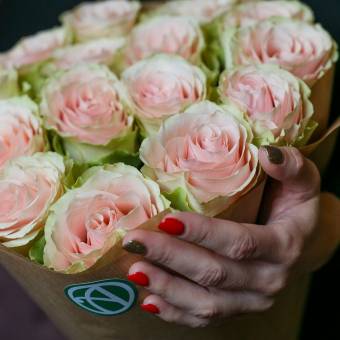 Букет из 15 розовых роз 70 см (Эквадор) Фрутетто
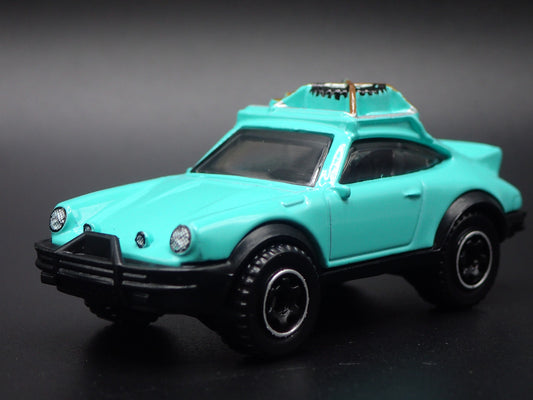 1985 85 PORSCHE 911 RALLY TEAL 1:64 SCALE COLLECTIBLE DIORAMA DIECAST MODEL CAR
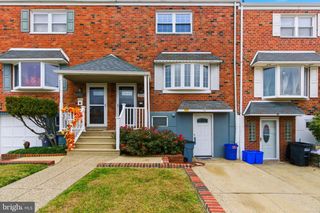 3509 CHALFONT DR, Philadelphia, PA 19154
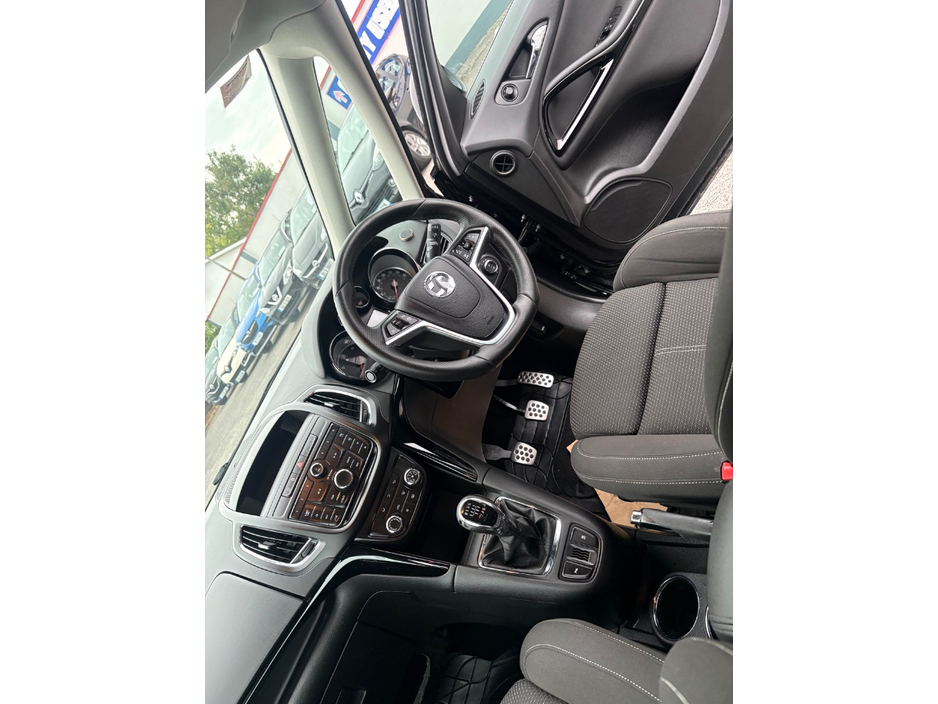 2015 Vauxhall Zafira 2L Diesel For Sale Images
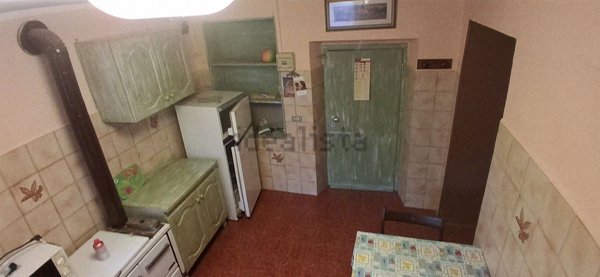 casa indipendente in vendita a Vernio in zona San Quirico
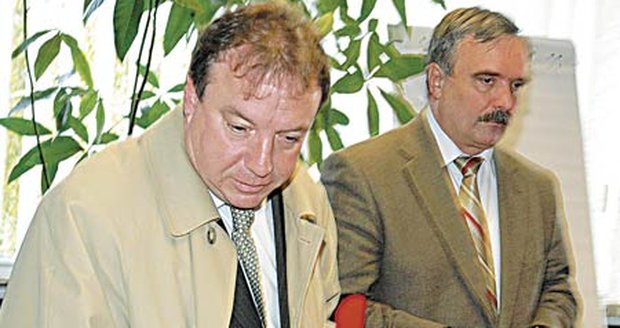 Vladimír Bártl (vlevo) se dál cítí být primátorem. Jeho ODS poprvé v novodobé historii nebude ve vedení města. Skončili v poli poražených spolu exkoaličními partnery z ČSSD a SNK ED. Vlastimil Vozka (SMM) pomohl komunistům k moci. Ti byl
------------------------------
_How to complete this task_. Transcribe the records verbatim, excluding pictures.

_Worked solution_.
 Букет из 15 розовых роз 70 см (Эквадор) Фрутетто
 1985 85 PORSCHE 911 RALLY TEAL 1:64 SCALE COLLECTIBLE DIORAMA DIECAST MODEL CAR
 3509 CHALFONT DR, Philadelphia, PA 19154
 2015 Vauxhall Zafira 2L Diesel For Sale Images
 casa indipendente in vendita a Vernio in zona San Quirico
 Vladimír Bártl (vlevo) se dál cítí být primátorem. Jeho ODS poprvé v novodobé historii nebude ve vedení města. Skončili v poli poražených spolu exkoaličními partnery z ČSSD a SNK ED. Vlastimil Vozka (SMM) pomohl komunistům k moci. Ti byl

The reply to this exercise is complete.